A Procuradoria Europeia investiga extrema direita por fraude de quatro milhões e trezentos mil euros

02 de July de 2026 Publicado | Traducido del español

O Ministério Público Europeu abriu uma investigação contra a antiga bancada de extrema-direita ID, que inclui o partido de Marine Le Pen e o AfD alemão, pelo suposto uso indevido de 4,3 milhões de euros de fundos comunitários entre 2019 e 2024. Foram realizadas buscas em empresas de comunicação ligadas ao grupo. O objetivo é determinar se houve desvio de dinheiro público destinado a fins europeus.

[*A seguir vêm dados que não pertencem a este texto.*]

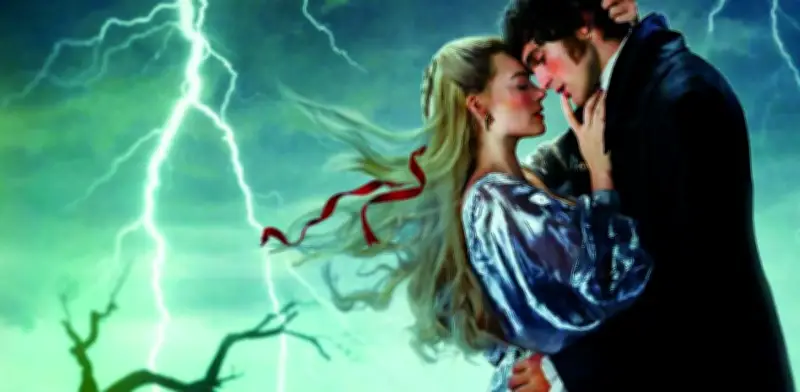 Cumbres Borrascosas revive con una adaptación visceral y adulta de Emerald Fennell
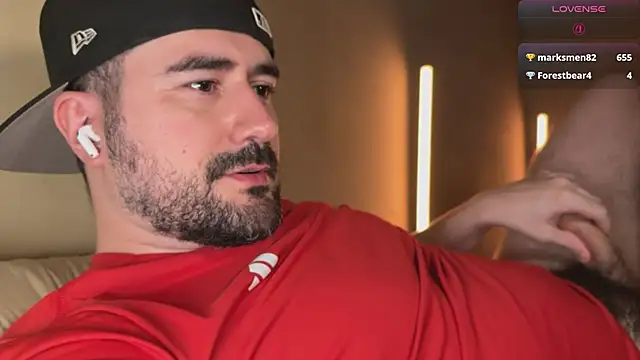 dominanttheo (Ask my age) - im horny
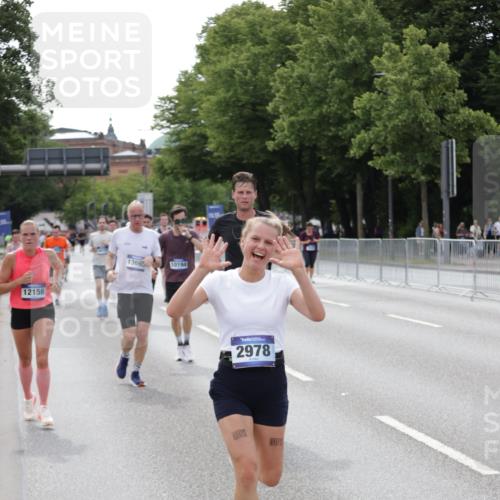 29.06.2025 - hella hamburg halbmarathon Jannik Wohlers http://msf.ph/oto/8143994 29.06.2025 10:08:49 Lombardsbrücke 1147, 1188, 1838, 2978, 5806, 5885, 6674, 7187, 9718, 10194, 10819, 11067, 11496, 12156, 13210, 13660, 14736, 17347, 18505, 18727 meine-sportfotos.de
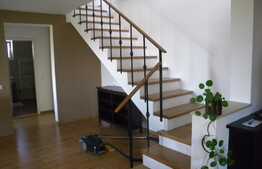 Apartament 4 camere, imobil tip casa/vila, 130 mp, zona strazii Campului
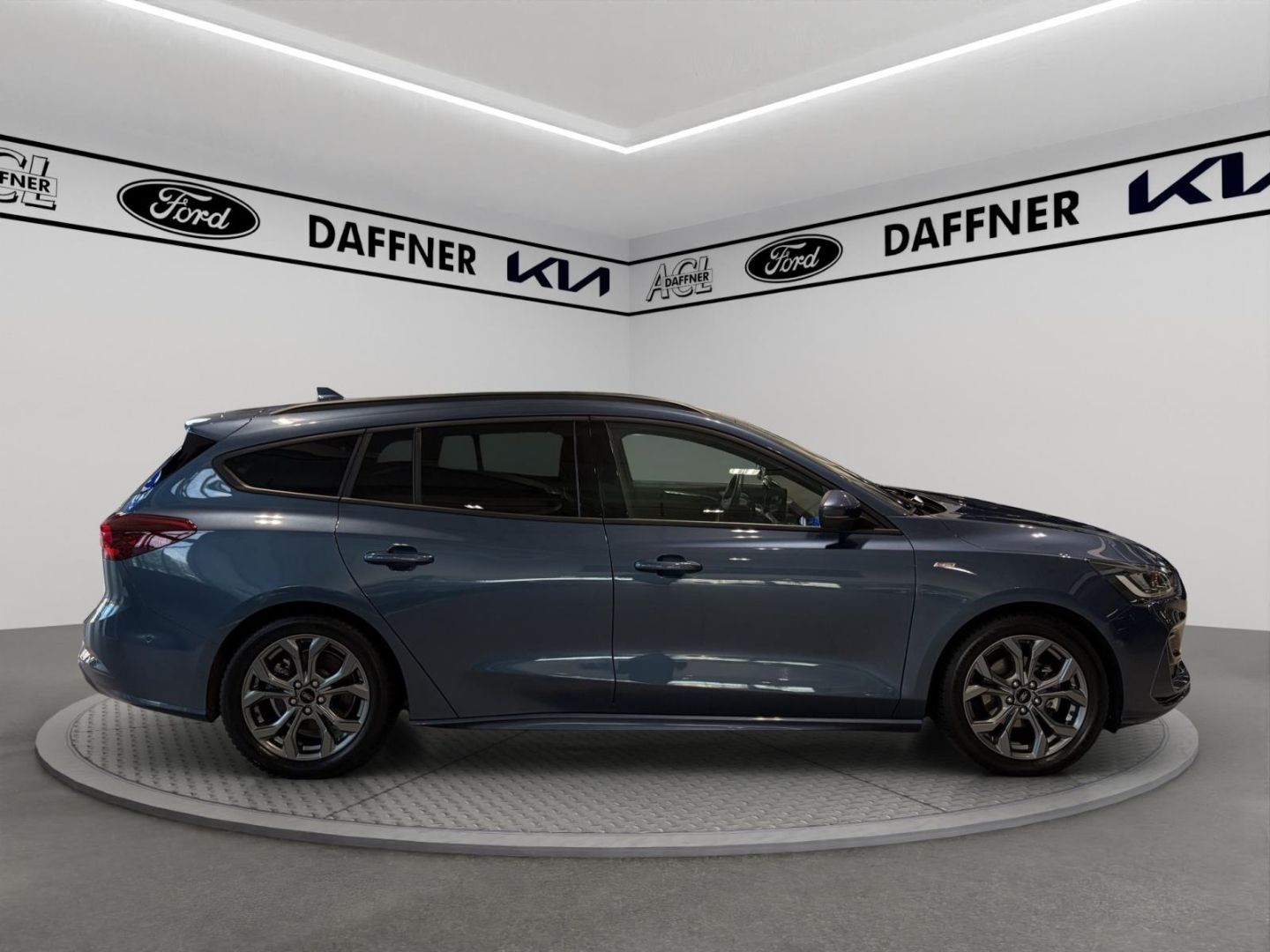 Fahrzeugabbildung Ford Focus Turnier ST-Line X HUD AHK-abn Navi LED ACC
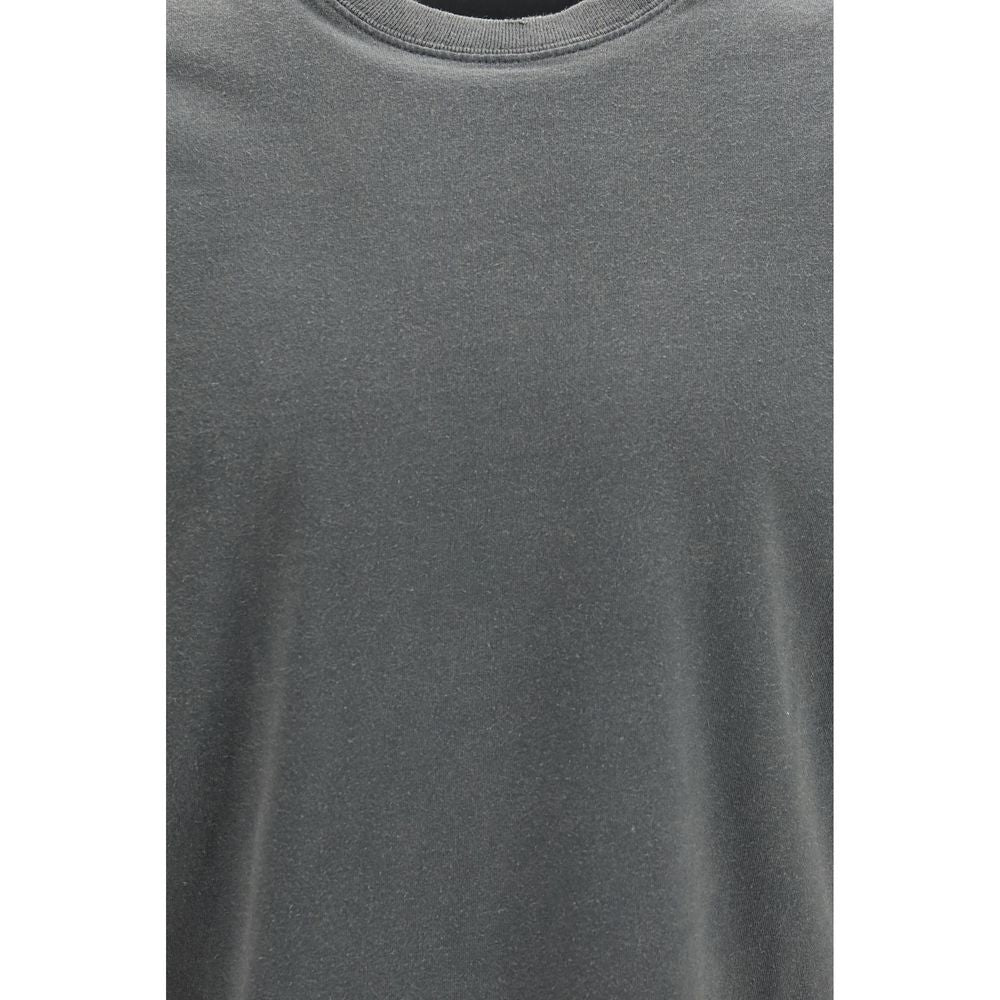 Elevate your wardrobe with the Golden Goose Gray Long Sleeve T-Shirt, crafted from premium cotton, blending vintage charm with modern sophistication for timeless allure.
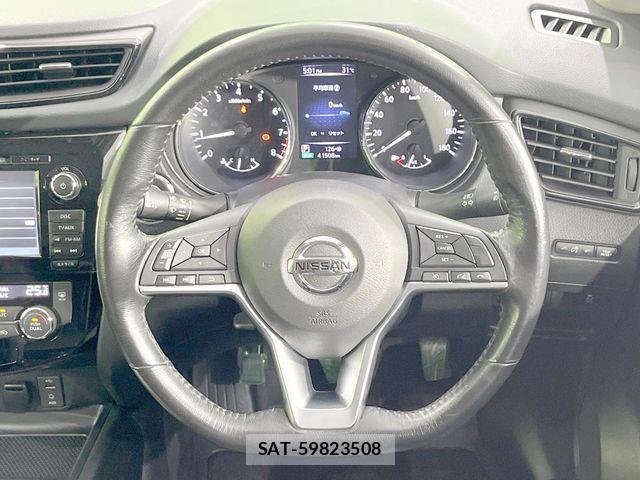 Nissan X-TRAIL 2017-11 8102890-10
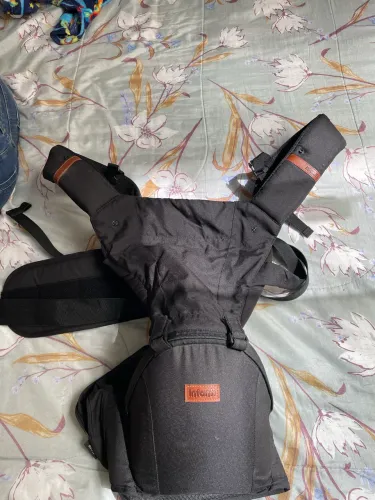 Vendo canguru com assento removível 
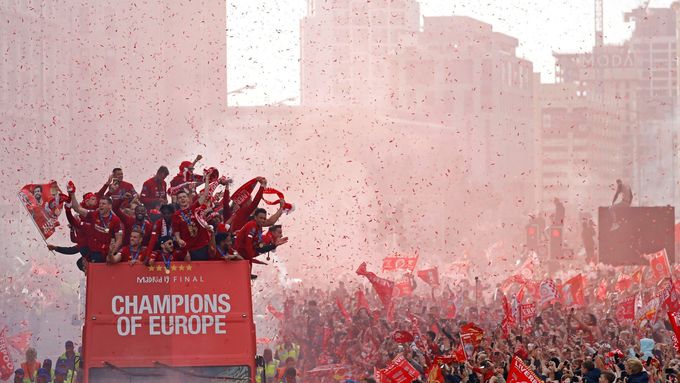 Takto slavili fotbalisté Liverpoolu v ulicích se desetitisíci fanoušků loňský triumf v Lize mistrů. Starosta se obává, že při zisku titulu by to vypadalo podobně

Interior do plenário do Parlamento Europeu, investigadores em ternos escuros examinando pilhas de documentos da UE sobre uma longa mesa, uma grande tela digital exibindo um painel de auditoria com bandeiras vermelhas marcando transações suspeitas, um contador forense apontando para uma linha orçamentária destacada mostrando discrepância de 4,3 milhões de euros, planilhas impressas espalhadas e uma lupa sobre um extrato bancário, visualização foto-realista cinematográfica, iluminação fria azul no teto, atmosfera intensa e focada, texturas de papel e reflexos de tela ultra-detalhados, sombras dramáticas sobre a mesa, estilo de ilustração técnica com dados financeiros precisos.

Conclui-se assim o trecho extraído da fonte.